AMA YRC: Supporting wellness and belonging in Alberta Indigenous communities

March 26, 2018

The participating communities have shared their true love of physical activity and the sport of running.

Contributed by: Vanda Killeen | AMA Public Affairs

Over the past five years, the AMA Youth Run Club has been running into more and more Alberta schools, in communities large and small, rural and urban.

The AMA YRC is an inclusive, school-based program welcoming and supporting children and youth in schools in every corner and community of the province. The program provides participants with a healthy, fun outlet for physical activity and all the good-for-the-body, soul and mind benefits that go with that.

It’s also long been the desire of the AMA YRC to develop clubs in Indigenous communities, and in the past couple of years we’ve achieved some success. Currently, there are YRCs and/or GO! (Girls Only) Run Clubs located in the following schools in 10 Alberta First Nations School Authorities:

  • Aahsaopi Elementary School
  • Alexis Elementary Junior Senior High School
  • Chief Old Sun Elementary School
  • Ermineskin Elementary Junior High School
  • Kainai Alternate Academy
  • Kainai High School
  • Kehewin Community Education Centre
  • Kihew Asiniy Education Centre
  • Kipohtakaw Education Centre
  • Miyo Wahkohtowin Community Education Authority
  • Napi's Playground Elementary School
  • Nipisihkopahk Education Authority
  • Paul Band First Nation School
  • Prince Charles School
  • Saipoya Community School
  • Siksika Nation High School
  • Siksika Storefront School
  • Tatsikiisaapo'p Middle School
  • Tsuut'ina High School
  • Tsuut'ina Nation Middle School

Brian Torrance, Director, Ever Active Schools (AMA’s partner in the Youth Run Club) comments: “It’s a positive step to see the AMA YRC embraced in Indigenous school communities. The learning has gone both ways, as the participating communities have shared with us their land-based learnings as well as a true love of physical activity and the sport of running.”
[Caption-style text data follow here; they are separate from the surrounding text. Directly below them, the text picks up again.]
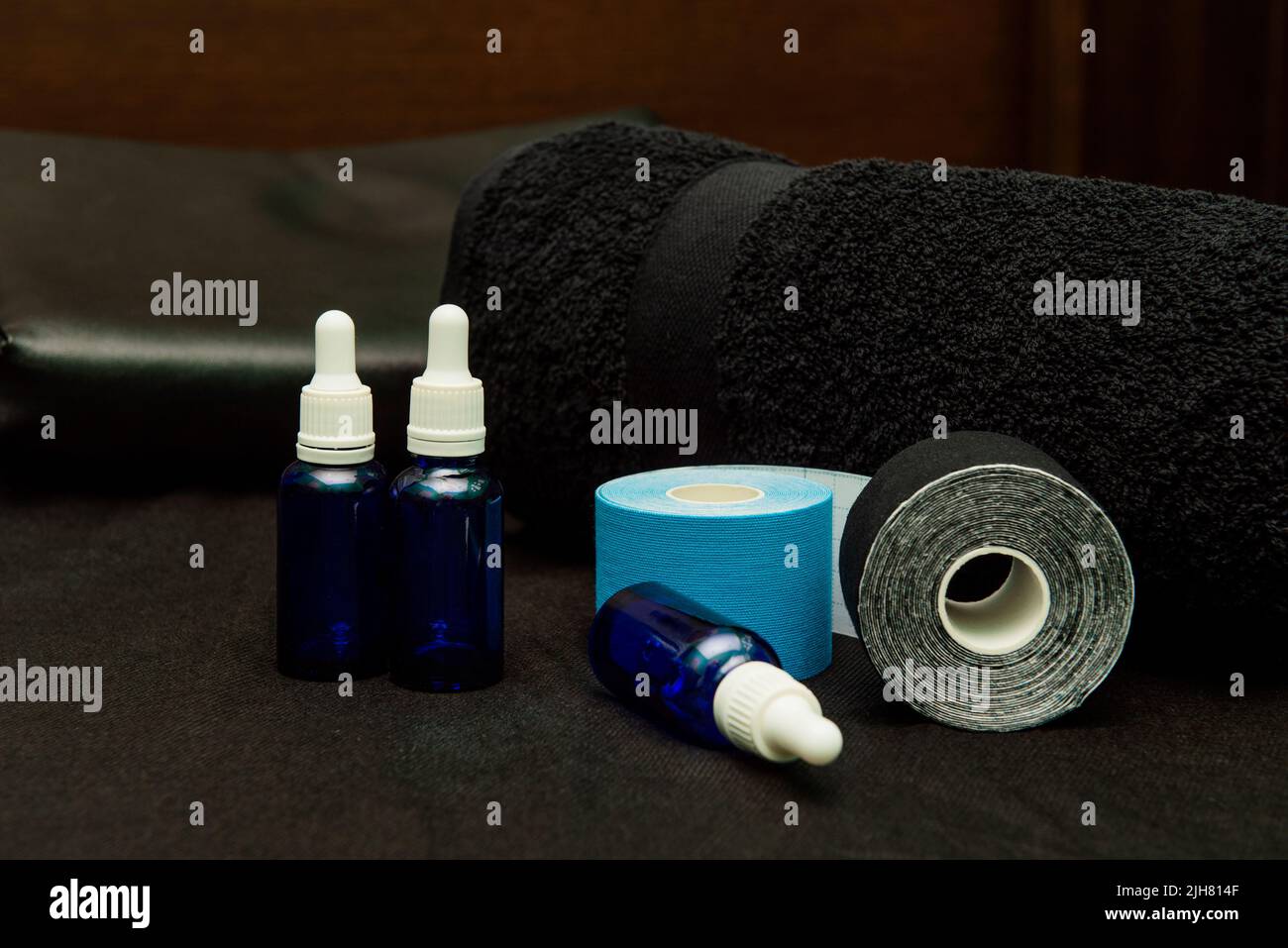 Two-color kinesiology therapy strips and essential oils for massage Stock Photo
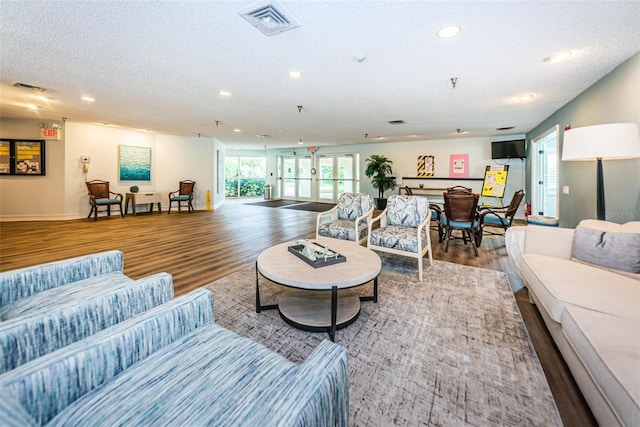 living room with wood-type flooring, french doors, and a textured ceiling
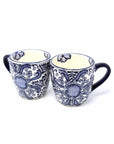 A set of two traditional Mexican pottery mugs with blue floral patterns on a white background
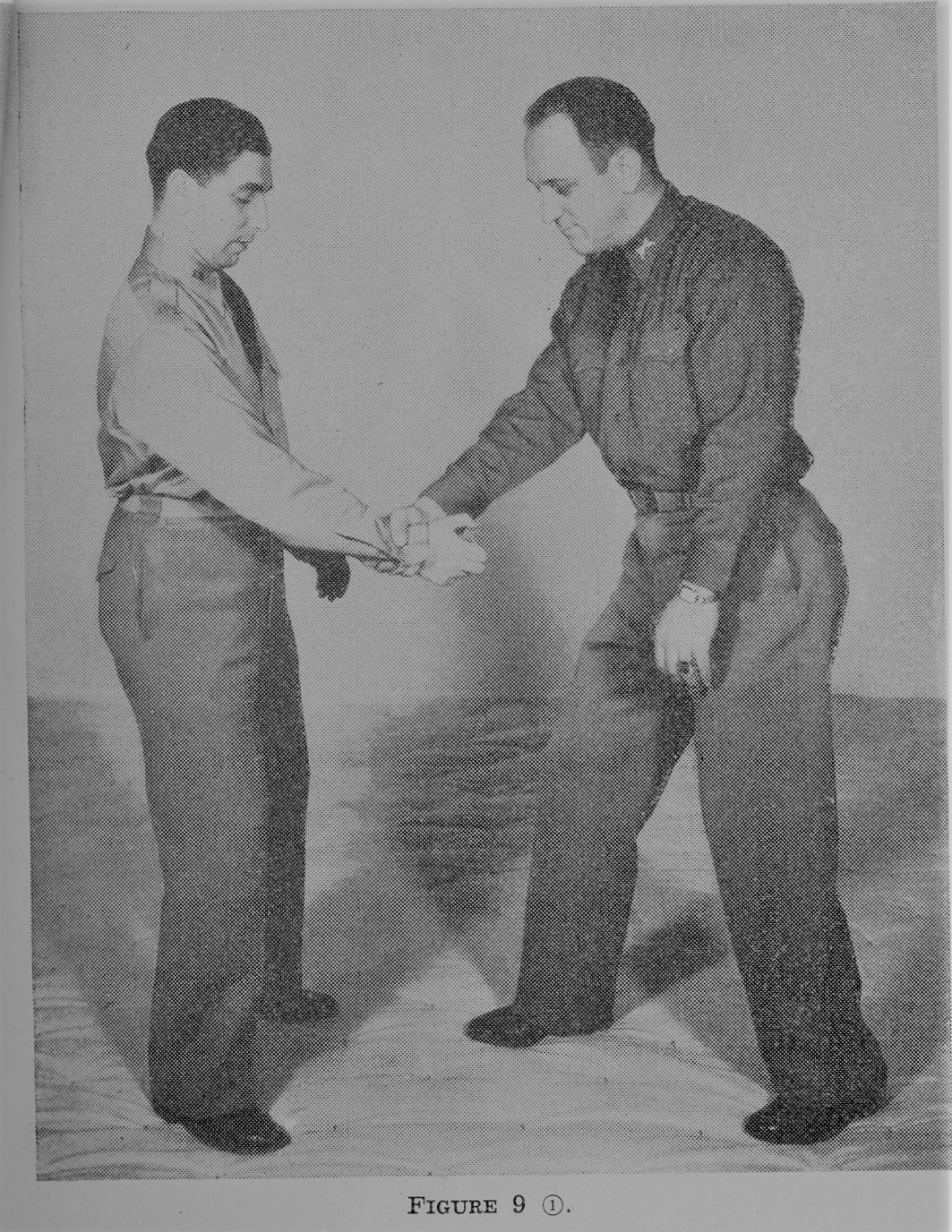 Two men teaching self defense.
“It’s wonderful to work alongside the communities,” he continues, “but we have so much more to do. Indigenous schools have expressed additional equipment needs, and the youth have requested more coaches in the community.”

Through the AMA YRC program, we’ve been able to provide running shoes, sports bras, socks and some coaching assistance. By working in and with the communities, we’ve identified areas of need and helped to build capacity in the community to address wellness.

“The reality is that there are challenges in the community,” says Brian. “But the strong sense of belonging that the AMA YRC provides is bringing youth and the broader community into a positive and healthy place. I’m hopeful of the future in the participating communities, and the power of sport and physical activity to influence overall wellbeing.”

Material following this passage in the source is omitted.